Aplicando o índice em Moçambique, nossa principal premissa é que um isolamento rigoroso ou total seria muito difícil para a maioria das famílias, incluindo aquelas na área urbana. Não é só porque as condições das famílias são inadequadas para o isolamento. Muitas pessoas simplesmente não podem se dar ao luxo de ficar em casa.

Sem uma ampla rede de segurança, que poderia substituir temporariamente a perda de renda ou garantir comida suficiente na mesa, um isolamento rigoroso poderia rapidamente se transformar em uma agitação social.

ARTIGO: 5 critérios para a quarentena funcionar em países de baixa renda
Reservatório de água na província de Cabo Delgado, em Moçambique (Foto: Eskinder Debebe/UN Photo)

Pressupostos da quarentena

Para simplificar, podemos considerar os seguintes cinco critérios mínimos para uma quarentena (muitas vezes disponíveis em pesquisas domiciliares ou dados de censos):

  • Acesso à água potável em casa;
  • Saneamento adequado em casa;
  • Fonte confiável de energia;
  • Acesso à tecnologia de informação ou comunicação;
  • Ter uma fonte permanente de energia ou poupança.

Se os primeiros três critérios não forem cumpridos, quase todos os membros da família teriam que sair de casa diariamente para lugares onde há aglomerações, como torneiras comunitárias ou instalações sanitárias públicas.

Mesmo que essas condições básicas existam nos lares, isso não coloca comida na mesa. As famílias que só compram suprimentos quando recebem algum dinheiro teriam dificuldades para ficar em isolamento. Como observado em outros contextos, a desobediência e a agitação social podem acontecer rapidamente se a quarentena levar as pessoas ao desespero.

Como a decisão de colocar um país ou uma região inteira em quarentena acarreta não só em altos custos econômicos, mas também sociais, legisladores devem considerar se tais políticas são viáveis. Uma maneira de fazer essa avaliação é adotado o índice de facilidade de quarentena. Usando os critérios citados acima, avaliamos a situação em Moçambique.

Facilidade reflete desigualdade

Com base na amostra de 10% do censo habitacional e populacional de Moçambique de 2017, consideramos os cinco critérios seguintes.

Três são os mesmos citados na lista acima: acesso à água potável, saneamento adequado e fornecimento de energia. Os outros dois foram adaptados: ter um telefone em casa e ter um membro empregado na família.
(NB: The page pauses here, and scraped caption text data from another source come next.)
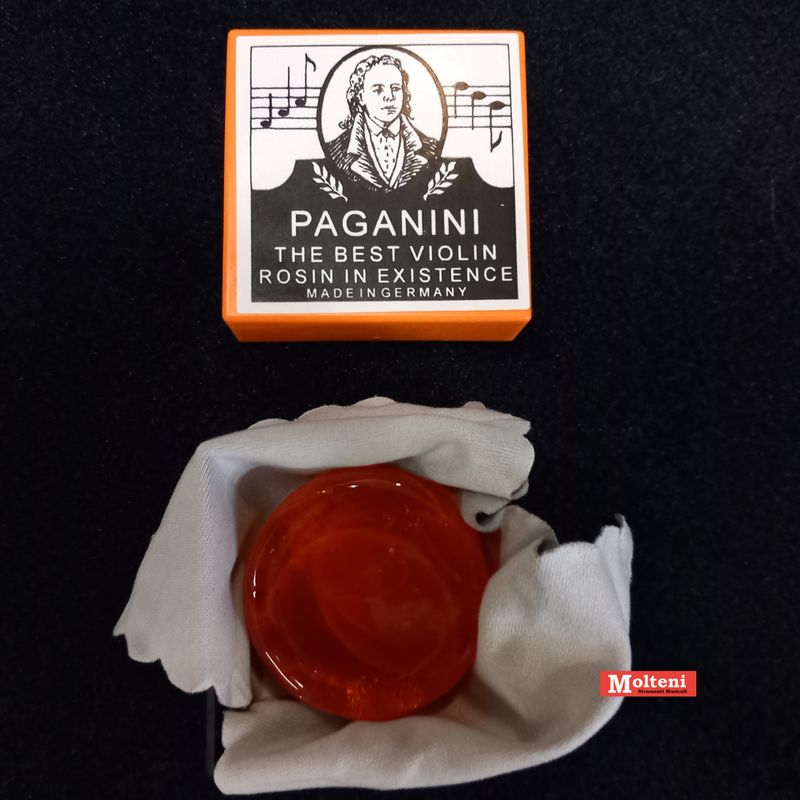 Paganini Rosin - Pece (colofonia) per violino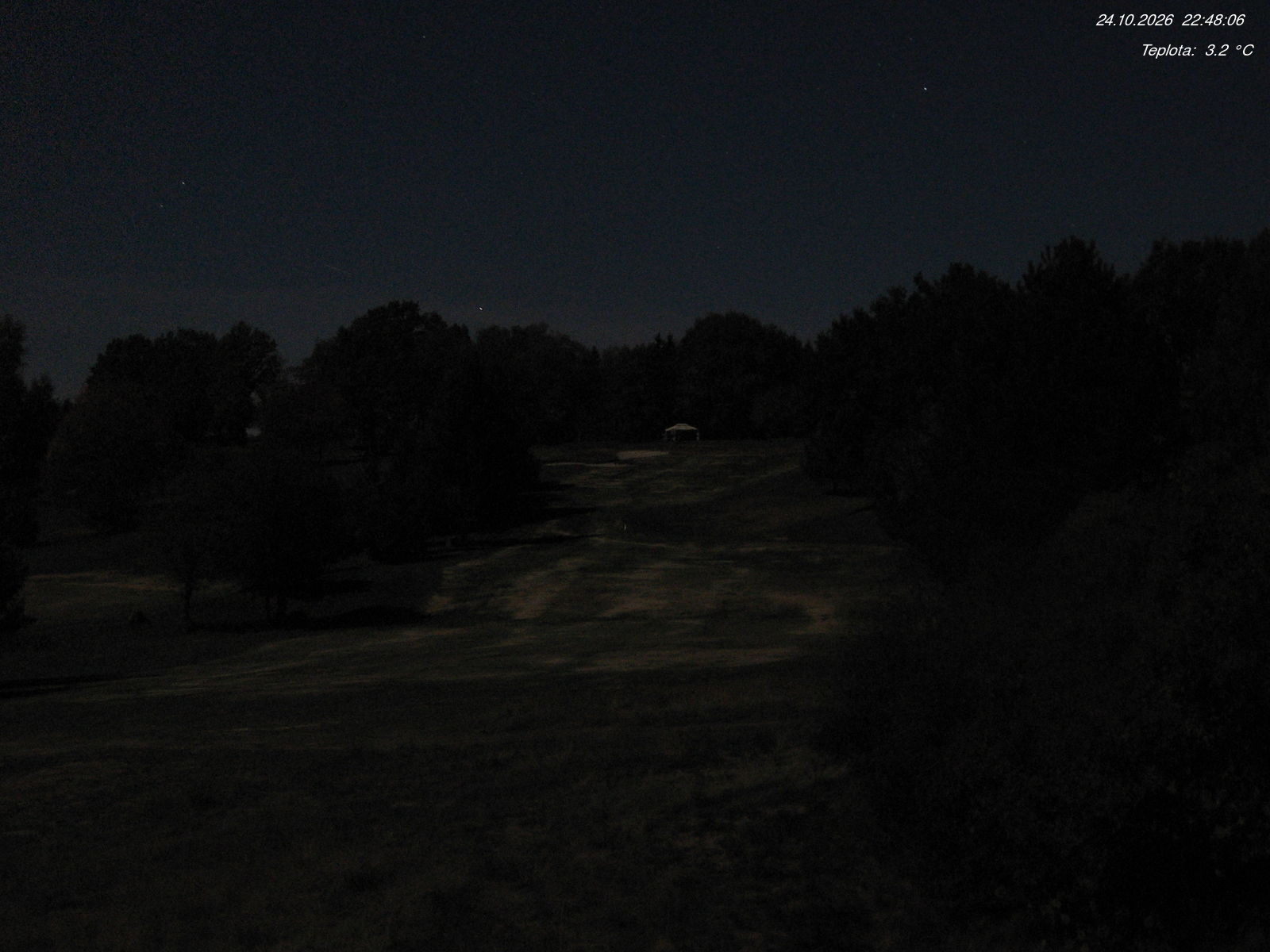Golf Čertovo břemeno - Alenina Lhota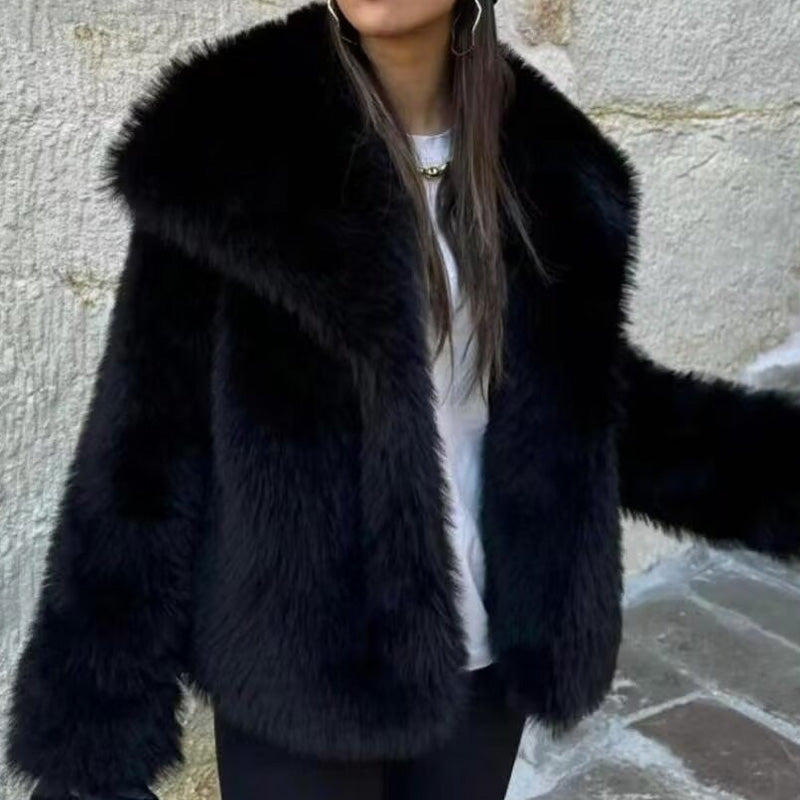 Harry Faux fur Coat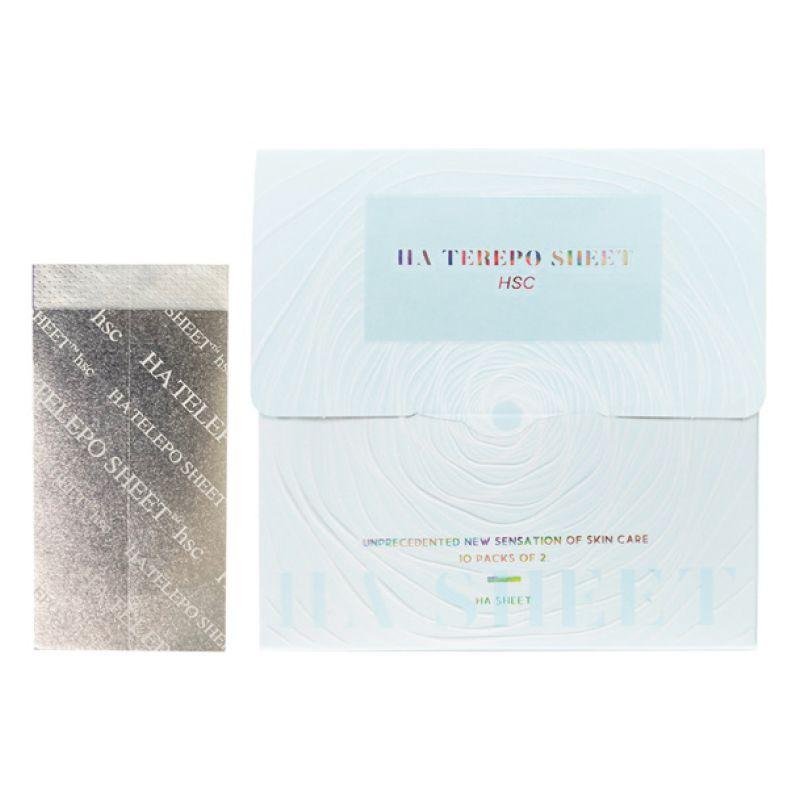 HA TEREPOSHEET HSC 10枚入 エイチエーテレポシート エイチエスシー 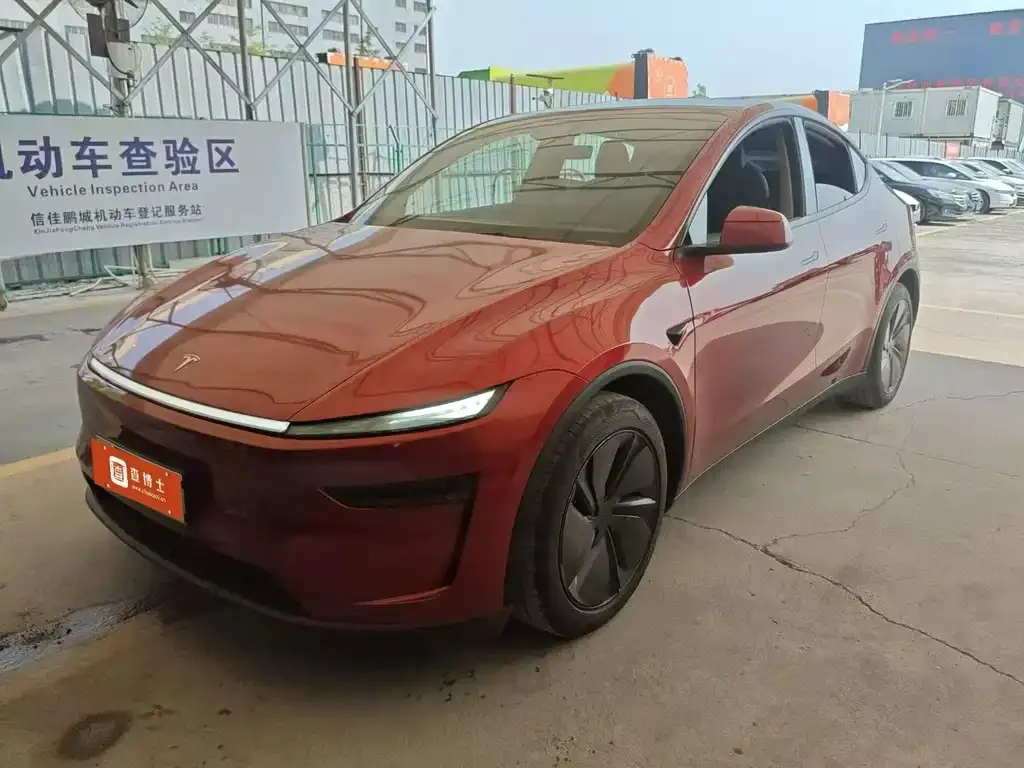 Tesla Model Y — фото 1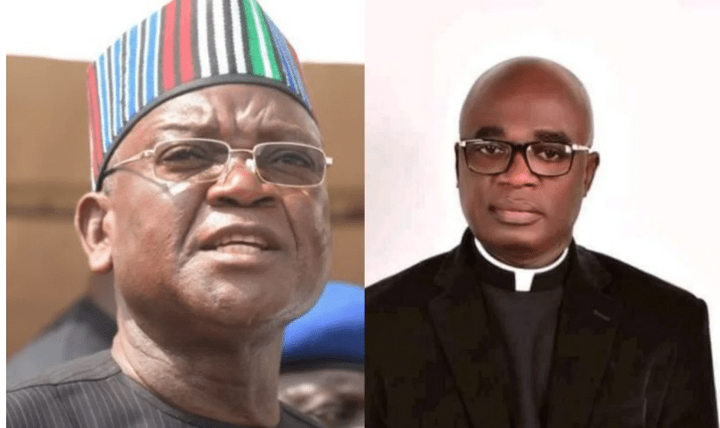 Benue: Attacking Me Instead Of Providing Facts And Figures’ – Ortom Blasts Gov Alia Over ₦100 Billion Loan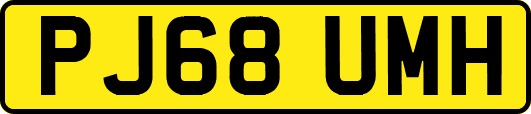 PJ68UMH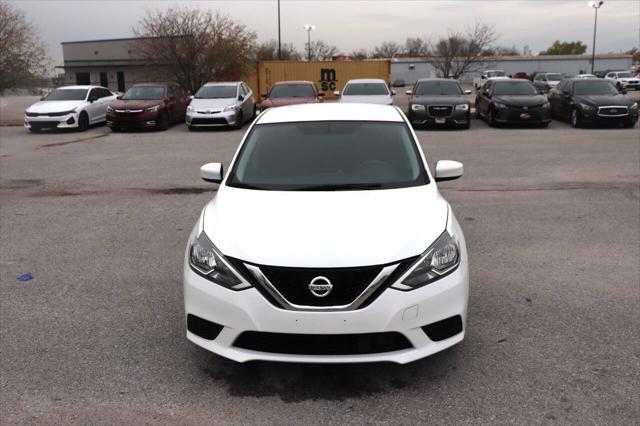 used 2019 Nissan Sentra car, priced at $11,950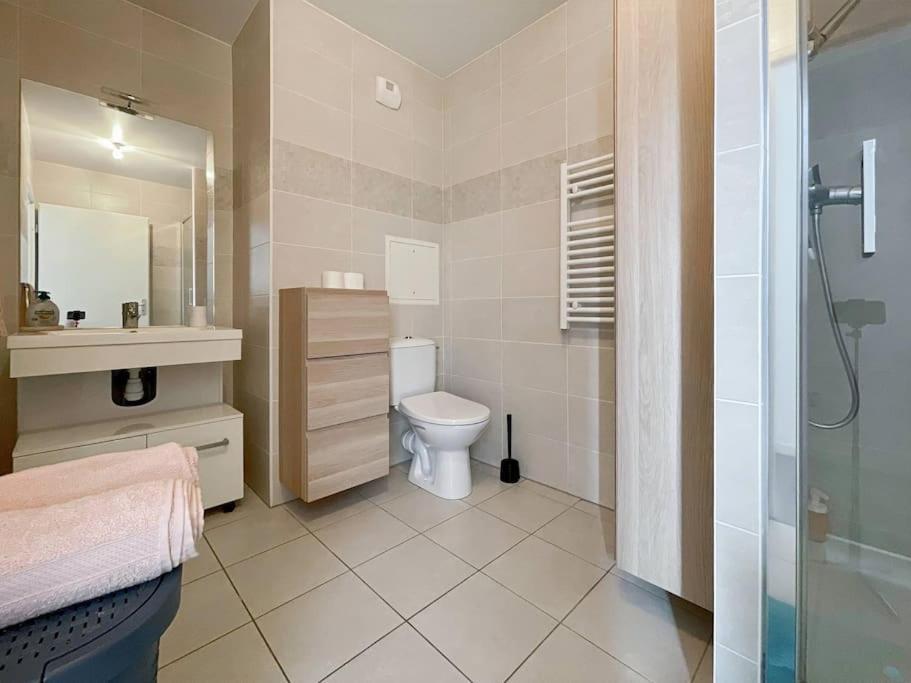Le Colisee - Appartement Duplex Pour 6 A Disneyland Paris Монтеврен Екстер'єр фото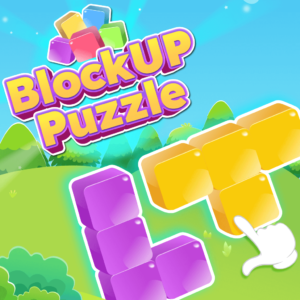 Block Up – HTML5 Puzzle Game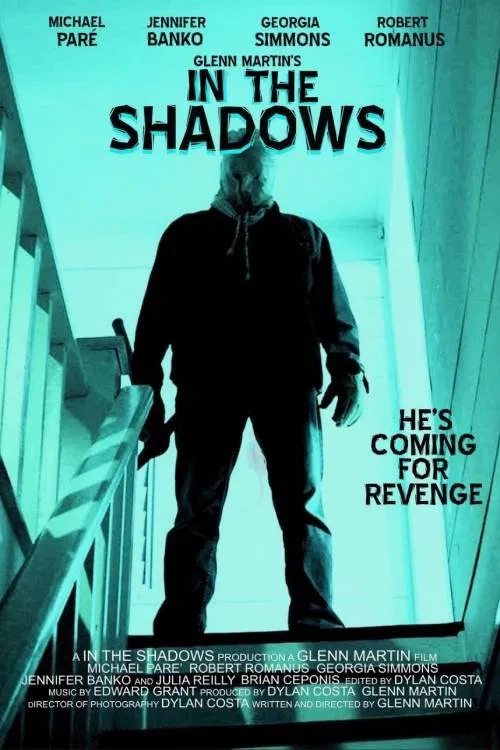 Movie poster for In The Shadows (2023)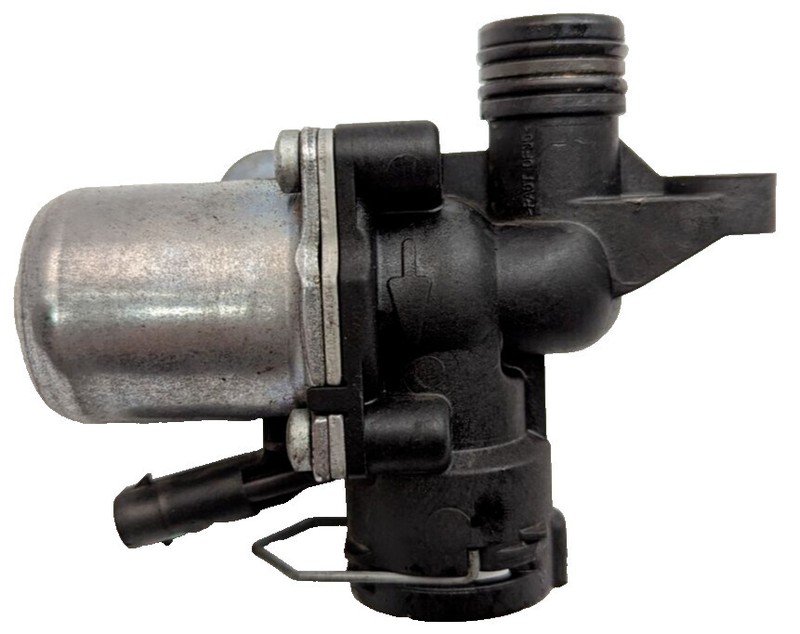 06-12 Mercedes W204 C300 E350 Engine Motor Water Pump Valve 2722000031 OEM✅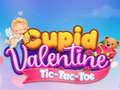 Игри Cupid Valentine Tic Tac Toe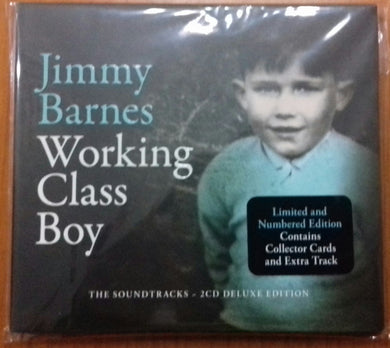 Jimmy Barnes - Working Class Boy: The Soundtracks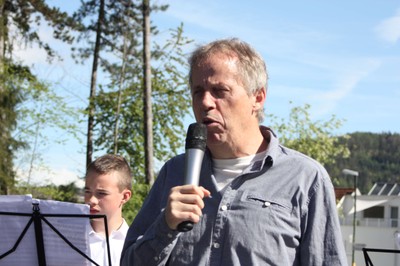 Eröffnung des Triftstegs und Schauflözen (10) © Thomas Knobel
Definimos a família como “pronta para a quarentena” se todos os cinco critérios forem cumpridos e “parcialmente pronta” se três critérios estiverem em prática, ou seja, eles têm os serviços básicos para permanecerem em casa.

De acordo com o índice, só 6% das famílias moçambicanas poderiam passar pelo isolamento — 16% delas em áreas urbanas e apenas 1% em zonas rurais.

No total, 13% das famílias estariam parcialmente prontas a entrarem em isolamento, o que significa que teriam acesso a serviços básicos, mas provavelmente não teriam renda ou poupança suficientes.

Nos assentamentos urbanos, apenas um terço das famílias estão prontas para a quarentena em termos de serviços básicos. Para eles, as restrições seriam viáveis apenas por um período, desde que algumas medidas adicionais de segurança fossem tomadas, como recebimento de auxílio e alimentação.

Analisando diferentes regiões do país, o grau de facilidade reflete os níveis de desigualdade encontrados também nas pesquisas nacionais de pobreza. Nas regiões do norte do país, menos da metade das famílias apresentam possibilidade parcial de enfrentarem o isolamento.

Já o sul é a região menos carente, portanto a mais “pronta”. No entanto, na capital Maputo, localizada no sul do país, menos de 40% dos lares estão totalmente prontos para passar por uma quarentena.

As alternativas

Ao invés de replicar totalmente as polícias aplicadas em países de renda mais alta, recomendamos alternativas práticas para um isolamento completo.

Embora essas medidas devam ser analisadas por região, de preferência com o envolvimento da comunidade, parte dessas práticas deve envolver testes e rastreamento intensivo para identificar os focos do vírus, como no Vietnã, bem como medidas de prevenção extensivas.

Mesmo que uma forma mais leve da quarentena seja imposta, programas de proteção social de larga escala (como fornecimento de auxílio financeiro) e expansão dos serviços básicos (como estações móveis de água potável) seriam necessários para evitar uma catástrofe maior ainda.